What Happens When a Team Actually Commits to Documentation
Six months after mandating documentation culture, here's what actually changed -- and the unexpected side effects
The Team Where Onboarding Took 3 Weeks
A new hire joined in June. There were no onboarding docs. Existing members explained things verbally, sent links via Slack DMs, said things like "you'll figure it out by doing it." Three weeks in, the new hire still couldn't deploy solo. The deployment process wasn't documented. (Technically there was a Notion doc from two years ago, but it was completely outdated.)
That's when our team lead declared: "From now on, we document everything."
The First Month, Everyone Hated It
New rule: PRs must include related documentation updates. Add an API? Update the API docs. Change the deployment process? Revise the deployment guide.
People were annoyed. "We're already swamped with code, now we have to write docs too?" Honestly, I felt the same.

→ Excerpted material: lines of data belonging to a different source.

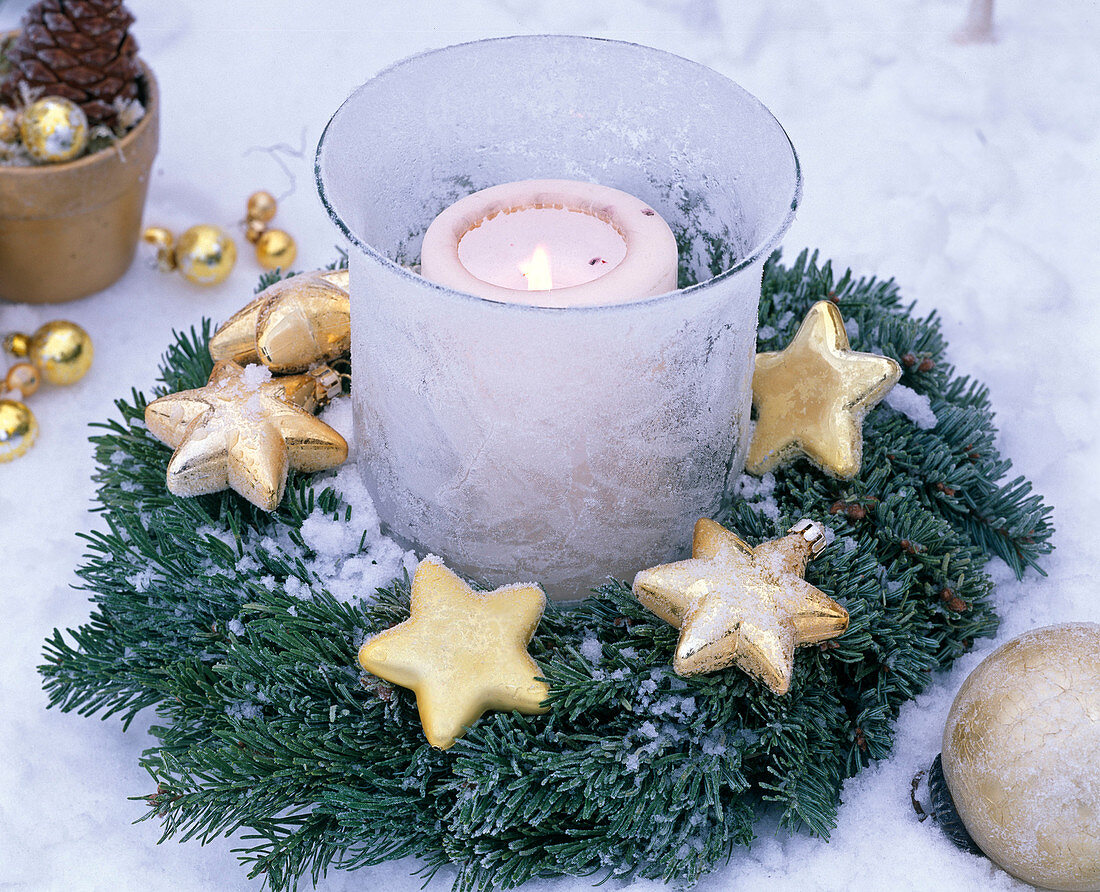 Lantern with wreath of abies (fir)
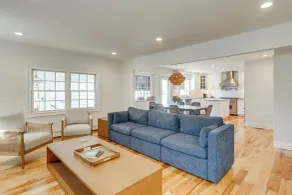 Modern Vacation Home w/ Heated Pool, Mins to Beach - Interiör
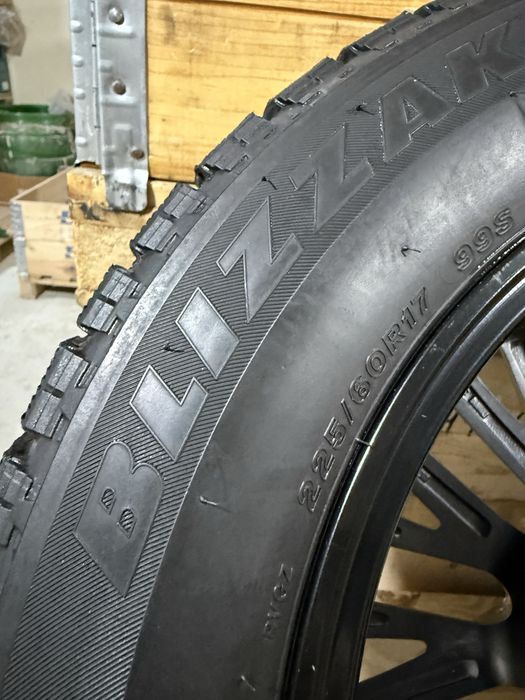 Комплект зимних шин на дисках R17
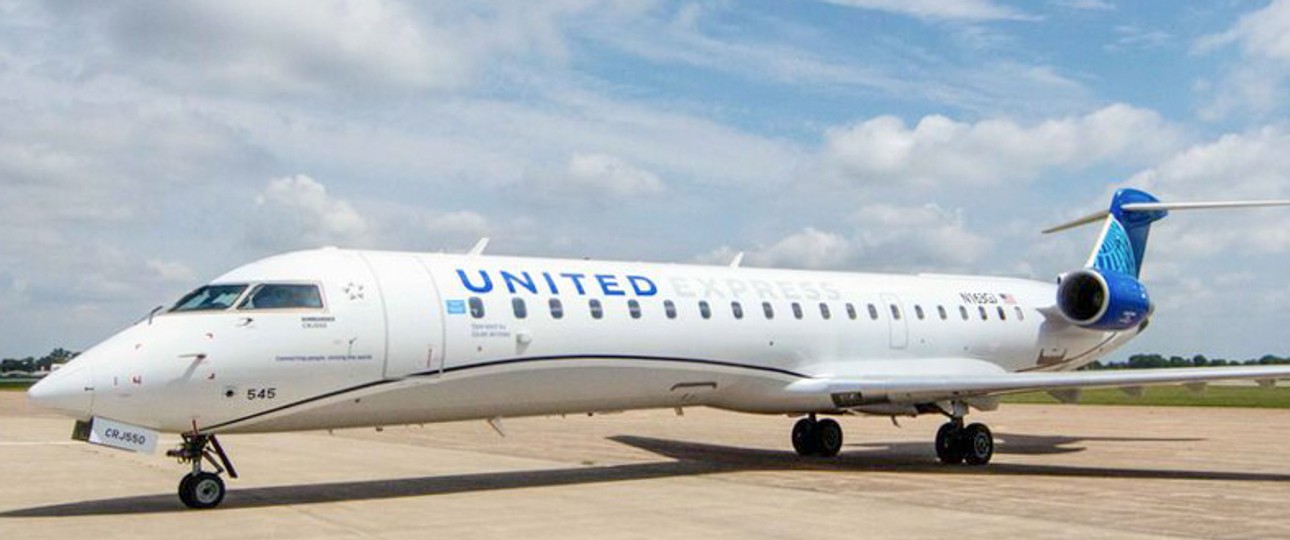 CRJ 550 von United Airlines: Die Sondervariante basiert auf der CRJ 700, hat aber weniger Sitzplätze, um Gewerkschaftsklauseln auszutricksen.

Each PR took an extra 30 minutes. Three PRs a day meant 90 minutes spent on documentation. Productivity felt like it dropped.
Three Months In, the Vibe Shifted
"How do I do this?" messages on Slack dropped noticeably. Replaced by "I followed the doc and it worked, just need you to verify this part." The quality of questions went up.
I measured it. In the 3 months before documentation: 14.3 "how to" Slack messages per day on average. In the 3 months after: 5.7 per day. 60% reduction. (I counted using Slack search. Primitive method, but it worked.)
A second new hire joined in October. Onboarding took 8 days. The first hire had taken 3 weeks. Significant improvement.
The Unexpected Side Effect: Documentation Maintenance Costs
As documents piled up, a new problem appeared. Outdated docs that no longer matched reality. "When was this last updated?" "Three months ago..." So do you trust it or not? Unreliable documentation is worse than no documentation. People follow wrong instructions.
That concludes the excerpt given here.